Can Northwest help me form a nonprofit corporation?
Absolutely! We’re happy to start a nonprofit corporation for you. Note that incorporating a Colorado nonprofit requires a different form, though the $50 filing fee is the same. Colorado nonprofits must also file a periodic report each year for $100 plus state fees.
How can I get a Colorado phone number for my corporation?
It’s a conundrum: you need a local number to display on your website and give to customers, but you don’t want to make your personal number quite so…public. We get it. And we’ve got you covered with Northwest Phone Service. We can provide you with a virtual phone number in any state—plus unlimited call forwarding and tons of easy-to-use features. You can try Phone Service free for 60 days when you hire us to form your corporation, and maintaining service is just $9 monthly after that. No contract required.

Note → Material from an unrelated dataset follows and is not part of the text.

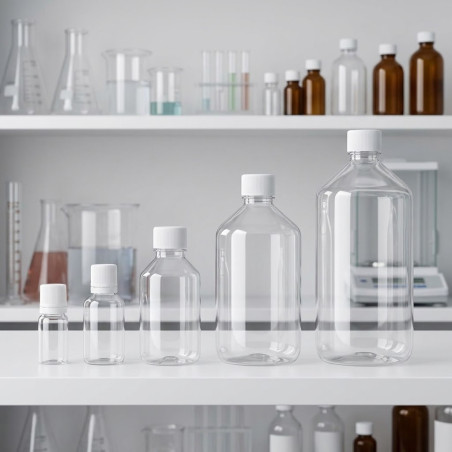 Bouteilles vides PET de différentes tailles sur une étagère DIY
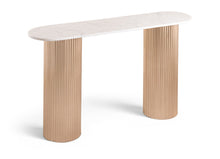 Load image into Gallery viewer, Cindra - Genuine Marble Top And Iron Base Console Table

How to Order Colorado Incorporation Service
Our Colorado incorporation service is designed to be fast and easy—signing up takes just a couple minutes. Here’s how it works:
We offer flexibility with two different options for payment. You can pay everything up front, which includes a full year of registered agent service. Or, pay just $30 out the door with our VIP monthly payment option. With our VIP option, we also include an EIN. Just choose one of the buttons below, answer a few easy questions about your business and submit your payment.
Next, we’ll prepare and submit your Colorado Articles of Incorporation to the Secretary of State. In the meantime, you’ll have immediate access to your online account, where you can find useful state forms, pre-populated with your business information.
Once the Colorado Secretary of State has approved your filing, we notify you that your Colorado corporation has been legally formed. You can now move on to next steps, like holding your organizational meeting and opening a bank account.